*** Opening Material to process ***

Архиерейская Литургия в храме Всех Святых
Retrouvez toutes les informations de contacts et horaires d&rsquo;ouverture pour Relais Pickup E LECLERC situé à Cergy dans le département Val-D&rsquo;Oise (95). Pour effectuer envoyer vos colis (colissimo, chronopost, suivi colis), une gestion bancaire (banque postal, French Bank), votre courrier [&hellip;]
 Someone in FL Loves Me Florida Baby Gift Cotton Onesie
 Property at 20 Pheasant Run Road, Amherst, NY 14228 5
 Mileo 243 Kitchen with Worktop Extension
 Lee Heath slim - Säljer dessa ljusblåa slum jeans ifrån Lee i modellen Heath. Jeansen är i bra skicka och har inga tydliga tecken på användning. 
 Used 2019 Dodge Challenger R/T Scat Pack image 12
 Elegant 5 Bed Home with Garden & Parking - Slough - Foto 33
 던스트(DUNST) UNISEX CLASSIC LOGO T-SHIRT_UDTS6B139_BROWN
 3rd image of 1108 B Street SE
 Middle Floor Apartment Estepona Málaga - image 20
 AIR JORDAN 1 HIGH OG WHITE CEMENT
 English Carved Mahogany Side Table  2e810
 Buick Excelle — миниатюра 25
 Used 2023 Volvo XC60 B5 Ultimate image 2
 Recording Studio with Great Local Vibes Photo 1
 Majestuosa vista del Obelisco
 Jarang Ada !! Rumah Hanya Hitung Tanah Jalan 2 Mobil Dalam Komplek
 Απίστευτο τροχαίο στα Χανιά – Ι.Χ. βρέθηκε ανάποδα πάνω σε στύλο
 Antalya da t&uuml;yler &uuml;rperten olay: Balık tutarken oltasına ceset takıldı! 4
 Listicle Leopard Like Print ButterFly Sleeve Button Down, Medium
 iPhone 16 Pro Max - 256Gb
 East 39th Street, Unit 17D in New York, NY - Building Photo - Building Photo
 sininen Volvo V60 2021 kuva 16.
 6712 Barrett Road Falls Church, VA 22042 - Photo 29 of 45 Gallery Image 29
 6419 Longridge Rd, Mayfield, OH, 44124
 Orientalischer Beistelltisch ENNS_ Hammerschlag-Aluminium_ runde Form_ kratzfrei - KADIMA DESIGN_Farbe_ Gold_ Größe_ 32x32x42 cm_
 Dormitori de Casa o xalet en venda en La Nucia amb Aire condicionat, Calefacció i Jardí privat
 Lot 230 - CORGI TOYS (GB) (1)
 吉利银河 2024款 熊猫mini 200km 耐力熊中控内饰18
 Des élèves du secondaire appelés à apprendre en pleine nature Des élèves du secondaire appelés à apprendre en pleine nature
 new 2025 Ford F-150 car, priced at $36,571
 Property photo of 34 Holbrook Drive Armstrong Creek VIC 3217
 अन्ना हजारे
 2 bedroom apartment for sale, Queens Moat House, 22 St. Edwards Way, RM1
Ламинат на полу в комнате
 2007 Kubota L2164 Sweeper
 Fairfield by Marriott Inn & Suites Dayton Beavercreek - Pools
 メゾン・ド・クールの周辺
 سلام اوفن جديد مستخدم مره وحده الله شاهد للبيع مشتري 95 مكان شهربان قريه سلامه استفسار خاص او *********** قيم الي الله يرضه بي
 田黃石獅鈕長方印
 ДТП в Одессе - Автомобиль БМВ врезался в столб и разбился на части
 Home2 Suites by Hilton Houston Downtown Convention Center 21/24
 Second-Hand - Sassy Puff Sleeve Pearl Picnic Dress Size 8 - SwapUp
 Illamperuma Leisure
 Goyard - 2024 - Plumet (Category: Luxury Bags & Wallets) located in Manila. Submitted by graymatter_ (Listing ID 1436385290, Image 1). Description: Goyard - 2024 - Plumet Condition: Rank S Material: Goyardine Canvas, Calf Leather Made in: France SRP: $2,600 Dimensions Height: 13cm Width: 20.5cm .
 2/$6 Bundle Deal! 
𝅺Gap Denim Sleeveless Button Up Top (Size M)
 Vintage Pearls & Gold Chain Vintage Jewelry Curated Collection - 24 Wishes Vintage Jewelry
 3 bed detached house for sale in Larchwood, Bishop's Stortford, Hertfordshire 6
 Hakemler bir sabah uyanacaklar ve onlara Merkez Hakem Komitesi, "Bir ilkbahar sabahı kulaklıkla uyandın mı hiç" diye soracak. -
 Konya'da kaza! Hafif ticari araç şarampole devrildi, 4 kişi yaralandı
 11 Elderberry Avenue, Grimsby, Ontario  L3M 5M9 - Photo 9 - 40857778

*** Closing Material to process ***

Assigned task ->
The answer must be a verbatim transcription of all the entries.

Expected answer ->
Архиерейская Литургия в храме Всех Святых
Retrouvez toutes les informations de contacts et horaires d&rsquo;ouverture pour Relais Pickup E LECLERC situé à Cergy dans le département Val-D&rsquo;Oise (95). Pour effectuer envoyer vos colis (colissimo, chronopost, suivi colis), une gestion bancaire (banque postal, French Bank), votre courrier [&hellip;]
 Someone in FL Loves Me Florida Baby Gift Cotton Onesie
 Property at 20 Pheasant Run Road, Amherst, NY 14228 5
 Mileo 243 Kitchen with Worktop Extension
 Lee Heath slim - Säljer dessa ljusblåa slum jeans ifrån Lee i modellen Heath. Jeansen är i bra skicka och har inga tydliga tecken på användning. 
 Used 2019 Dodge Challenger R/T Scat Pack image 12
 Elegant 5 Bed Home with Garden & Parking - Slough - Foto 33
 던스트(DUNST) UNISEX CLASSIC LOGO T-SHIRT_UDTS6B139_BROWN
 3rd image of 1108 B Street SE
 Middle Floor Apartment Estepona Málaga - image 20
 AIR JORDAN 1 HIGH OG WHITE CEMENT
 English Carved Mahogany Side Table  2e810
 Buick Excelle — миниатюра 25
 Used 2023 Volvo XC60 B5 Ultimate image 2
 Recording Studio with Great Local Vibes Photo 1
 Majestuosa vista del Obelisco
 Jarang Ada !! Rumah Hanya Hitung Tanah Jalan 2 Mobil Dalam Komplek
 Απίστευτο τροχαίο στα Χανιά – Ι.Χ. βρέθηκε ανάποδα πάνω σε στύλο
 Antalya da t&uuml;yler &uuml;rperten olay: Balık tutarken oltasına ceset takıldı! 4
 Listicle Leopard Like Print ButterFly Sleeve Button Down, Medium
 iPhone 16 Pro Max - 256Gb
 East 39th Street, Unit 17D in New York, NY - Building Photo - Building Photo
 sininen Volvo V60 2021 kuva 16.
 6712 Barrett Road Falls Church, VA 22042 - Photo 29 of 45 Gallery Image 29
 6419 Longridge Rd, Mayfield, OH, 44124
 Orientalischer Beistelltisch ENNS_ Hammerschlag-Aluminium_ runde Form_ kratzfrei - KADIMA DESIGN_Farbe_ Gold_ Größe_ 32x32x42 cm_
 Dormitori de Casa o xalet en venda en La Nucia amb Aire condicionat, Calefacció i Jardí privat
 Lot 230 - CORGI TOYS (GB) (1)
 吉利银河 2024款 熊猫mini 200km 耐力熊中控内饰18
 Des élèves du secondaire appelés à apprendre en pleine nature Des élèves du secondaire appelés à apprendre en pleine nature
 new 2025 Ford F-150 car, priced at $36,571
 Property photo of 34 Holbrook Drive Armstrong Creek VIC 3217
 अन्ना हजारे
 2 bedroom apartment for sale, Queens Moat House, 22 St. Edwards Way, RM1
Ламинат на полу в комнате
 2007 Kubota L2164 Sweeper
 Fairfield by Marriott Inn & Suites Dayton Beavercreek - Pools
 メゾン・ド・クールの周辺
 سلام اوفن جديد مستخدم مره وحده الله شاهد للبيع مشتري 95 مكان شهربان قريه سلامه استفسار خاص او *********** قيم الي الله يرضه بي
 田黃石獅鈕長方印
 ДТП в Одессе - Автомобиль БМВ врезался в столб и разбился на части
 Home2 Suites by Hilton Houston Downtown Convention Center 21/24
 Second-Hand - Sassy Puff Sleeve Pearl Picnic Dress Size 8 - SwapUp
 Illamperuma Leisure
 Goyard - 2024 - Plumet (Category: Luxury Bags & Wallets) located in Manila. Submitted by graymatter_ (Listing ID 1436385290, Image 1). Description: Goyard - 2024 - Plumet Condition: Rank S Material: Goyardine Canvas, Calf Leather Made in: France SRP: $2,600 Dimensions Height: 13cm Width: 20.5cm .
 2/$6 Bundle Deal! 
𝅺Gap Denim Sleeveless Button Up Top (Size M)
 Vintage Pearls & Gold Chain Vintage Jewelry Curated Collection - 24 Wishes Vintage Jewelry
 3 bed detached house for sale in Larchwood, Bishop's Stortford, Hertfordshire 6
 Hakemler bir sabah uyanacaklar ve onlara Merkez Hakem Komitesi, "Bir ilkbahar sabahı kulaklıkla uyandın mı hiç" diye soracak. -
 Konya'da kaza! Hafif ticari araç şarampole devrildi, 4 kişi yaralandı
 11 Elderberry Avenue, Grimsby, Ontario  L3M 5M9 - Photo 9 - 40857778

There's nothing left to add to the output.